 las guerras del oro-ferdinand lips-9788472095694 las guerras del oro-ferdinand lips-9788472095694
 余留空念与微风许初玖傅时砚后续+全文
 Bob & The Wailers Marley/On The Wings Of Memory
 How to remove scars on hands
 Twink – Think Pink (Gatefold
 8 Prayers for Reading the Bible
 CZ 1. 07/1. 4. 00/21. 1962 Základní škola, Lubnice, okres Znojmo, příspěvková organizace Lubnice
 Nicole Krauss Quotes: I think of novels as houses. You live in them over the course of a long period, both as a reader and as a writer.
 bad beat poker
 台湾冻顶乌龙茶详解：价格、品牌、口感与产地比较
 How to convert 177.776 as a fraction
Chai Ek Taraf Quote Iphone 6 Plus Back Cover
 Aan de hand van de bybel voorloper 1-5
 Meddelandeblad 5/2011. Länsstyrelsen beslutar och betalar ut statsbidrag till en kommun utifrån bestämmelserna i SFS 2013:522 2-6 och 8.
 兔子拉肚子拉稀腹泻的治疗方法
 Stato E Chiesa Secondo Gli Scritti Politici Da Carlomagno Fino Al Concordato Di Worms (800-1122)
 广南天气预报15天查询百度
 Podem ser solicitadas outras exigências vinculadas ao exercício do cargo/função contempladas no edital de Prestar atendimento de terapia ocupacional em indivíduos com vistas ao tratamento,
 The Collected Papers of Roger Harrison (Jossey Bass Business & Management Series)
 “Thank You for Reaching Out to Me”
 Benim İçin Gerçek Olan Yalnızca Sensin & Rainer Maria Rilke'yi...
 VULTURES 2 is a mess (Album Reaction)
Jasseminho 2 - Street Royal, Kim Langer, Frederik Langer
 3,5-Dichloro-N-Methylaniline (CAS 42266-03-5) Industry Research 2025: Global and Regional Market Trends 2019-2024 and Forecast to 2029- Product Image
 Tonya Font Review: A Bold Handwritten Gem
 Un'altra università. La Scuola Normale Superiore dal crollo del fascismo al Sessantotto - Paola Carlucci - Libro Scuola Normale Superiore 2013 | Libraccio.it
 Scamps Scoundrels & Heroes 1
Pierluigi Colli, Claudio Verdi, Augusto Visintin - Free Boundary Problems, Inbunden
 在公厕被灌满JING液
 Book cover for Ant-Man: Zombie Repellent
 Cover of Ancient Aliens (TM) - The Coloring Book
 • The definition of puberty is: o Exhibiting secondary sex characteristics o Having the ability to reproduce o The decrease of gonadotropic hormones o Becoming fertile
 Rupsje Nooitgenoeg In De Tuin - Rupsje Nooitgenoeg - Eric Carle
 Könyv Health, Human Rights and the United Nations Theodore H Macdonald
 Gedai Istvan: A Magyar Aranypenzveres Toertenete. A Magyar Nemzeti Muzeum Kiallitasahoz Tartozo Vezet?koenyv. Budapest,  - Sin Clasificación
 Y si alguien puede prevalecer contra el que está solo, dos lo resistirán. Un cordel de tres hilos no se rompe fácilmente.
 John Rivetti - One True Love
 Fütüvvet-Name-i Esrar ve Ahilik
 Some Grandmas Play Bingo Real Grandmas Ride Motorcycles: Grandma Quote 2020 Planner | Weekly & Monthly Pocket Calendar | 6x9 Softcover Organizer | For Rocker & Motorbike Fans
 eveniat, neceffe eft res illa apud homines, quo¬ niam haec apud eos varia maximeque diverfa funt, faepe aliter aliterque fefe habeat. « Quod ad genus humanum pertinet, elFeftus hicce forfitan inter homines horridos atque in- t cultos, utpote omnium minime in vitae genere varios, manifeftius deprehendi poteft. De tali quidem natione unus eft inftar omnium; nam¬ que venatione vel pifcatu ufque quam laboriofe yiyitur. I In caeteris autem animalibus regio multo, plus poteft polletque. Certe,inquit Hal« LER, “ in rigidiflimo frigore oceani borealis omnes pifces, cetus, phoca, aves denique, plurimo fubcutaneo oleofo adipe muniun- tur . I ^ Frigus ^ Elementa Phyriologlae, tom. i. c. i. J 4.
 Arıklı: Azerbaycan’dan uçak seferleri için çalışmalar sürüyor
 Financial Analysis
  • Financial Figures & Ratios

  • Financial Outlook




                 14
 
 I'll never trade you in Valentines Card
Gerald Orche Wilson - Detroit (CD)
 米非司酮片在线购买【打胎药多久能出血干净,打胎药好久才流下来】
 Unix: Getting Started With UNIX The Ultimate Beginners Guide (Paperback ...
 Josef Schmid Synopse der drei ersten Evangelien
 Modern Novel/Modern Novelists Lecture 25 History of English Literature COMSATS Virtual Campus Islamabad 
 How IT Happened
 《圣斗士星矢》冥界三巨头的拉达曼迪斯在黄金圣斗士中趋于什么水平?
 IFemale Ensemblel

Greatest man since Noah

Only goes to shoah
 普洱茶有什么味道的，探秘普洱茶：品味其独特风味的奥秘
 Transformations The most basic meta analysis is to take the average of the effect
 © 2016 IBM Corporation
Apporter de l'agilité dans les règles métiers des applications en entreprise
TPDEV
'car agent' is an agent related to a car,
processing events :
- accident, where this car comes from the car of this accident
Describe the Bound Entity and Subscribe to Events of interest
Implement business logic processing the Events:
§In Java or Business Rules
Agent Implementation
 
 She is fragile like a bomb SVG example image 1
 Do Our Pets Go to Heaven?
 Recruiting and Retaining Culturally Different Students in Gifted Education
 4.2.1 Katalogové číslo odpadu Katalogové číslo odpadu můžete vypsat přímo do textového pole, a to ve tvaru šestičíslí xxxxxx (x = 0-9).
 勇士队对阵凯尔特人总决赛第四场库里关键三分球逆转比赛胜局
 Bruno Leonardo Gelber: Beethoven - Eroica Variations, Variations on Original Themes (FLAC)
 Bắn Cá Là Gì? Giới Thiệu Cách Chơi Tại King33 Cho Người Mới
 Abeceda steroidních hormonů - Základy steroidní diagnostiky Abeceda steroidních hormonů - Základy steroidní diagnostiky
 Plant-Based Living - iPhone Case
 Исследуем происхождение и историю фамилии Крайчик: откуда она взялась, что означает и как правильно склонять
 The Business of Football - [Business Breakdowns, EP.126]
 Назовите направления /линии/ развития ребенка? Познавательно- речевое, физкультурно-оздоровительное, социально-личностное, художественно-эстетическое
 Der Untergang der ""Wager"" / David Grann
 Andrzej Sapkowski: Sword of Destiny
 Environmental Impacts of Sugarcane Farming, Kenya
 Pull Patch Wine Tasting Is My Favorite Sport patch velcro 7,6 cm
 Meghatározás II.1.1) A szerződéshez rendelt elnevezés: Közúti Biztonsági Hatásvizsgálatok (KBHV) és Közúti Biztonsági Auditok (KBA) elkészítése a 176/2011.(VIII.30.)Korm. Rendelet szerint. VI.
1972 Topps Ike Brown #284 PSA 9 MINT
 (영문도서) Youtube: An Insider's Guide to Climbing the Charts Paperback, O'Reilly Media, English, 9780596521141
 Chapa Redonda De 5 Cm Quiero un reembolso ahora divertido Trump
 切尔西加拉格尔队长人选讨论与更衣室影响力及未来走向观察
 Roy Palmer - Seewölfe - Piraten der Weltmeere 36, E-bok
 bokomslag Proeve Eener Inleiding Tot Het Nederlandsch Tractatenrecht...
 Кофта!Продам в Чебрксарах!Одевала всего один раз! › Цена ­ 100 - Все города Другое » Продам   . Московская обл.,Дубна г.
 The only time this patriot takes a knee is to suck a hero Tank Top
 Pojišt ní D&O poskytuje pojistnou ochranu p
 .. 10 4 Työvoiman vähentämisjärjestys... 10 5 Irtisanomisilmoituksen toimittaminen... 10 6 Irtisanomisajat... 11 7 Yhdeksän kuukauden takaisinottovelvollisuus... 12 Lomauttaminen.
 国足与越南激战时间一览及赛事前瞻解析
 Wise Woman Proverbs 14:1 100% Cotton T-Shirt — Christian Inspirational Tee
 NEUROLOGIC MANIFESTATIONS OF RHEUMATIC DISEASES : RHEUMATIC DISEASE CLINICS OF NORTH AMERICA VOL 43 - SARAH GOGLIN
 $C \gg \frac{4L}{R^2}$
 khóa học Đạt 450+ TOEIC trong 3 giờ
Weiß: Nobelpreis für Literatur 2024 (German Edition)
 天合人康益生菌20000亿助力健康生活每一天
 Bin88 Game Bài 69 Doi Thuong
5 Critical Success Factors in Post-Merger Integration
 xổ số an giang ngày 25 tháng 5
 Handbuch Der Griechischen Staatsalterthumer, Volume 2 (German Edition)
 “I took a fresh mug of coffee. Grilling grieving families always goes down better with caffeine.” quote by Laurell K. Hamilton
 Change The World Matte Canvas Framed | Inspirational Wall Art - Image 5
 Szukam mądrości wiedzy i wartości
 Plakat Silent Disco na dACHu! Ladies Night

----

* _ASSIGNMENT_
Starting at the line that contains "Bin88 Game Bài 69 Doi Thuong", reproduce each line through the end of the records exactly, both ends included.

* _YOUR RESPONSE_
 Bin88 Game Bài 69 Doi Thuong
5 Critical Success Factors in Post-Merger Integration
 xổ số an giang ngày 25 tháng 5
 Handbuch Der Griechischen Staatsalterthumer, Volume 2 (German Edition)
 “I took a fresh mug of coffee. Grilling grieving families always goes down better with caffeine.” quote by Laurell K. Hamilton
 Change The World Matte Canvas Framed | Inspirational Wall Art - Image 5
 Szukam mądrości wiedzy i wartości
 Plakat Silent Disco na dACHu! Ladies Night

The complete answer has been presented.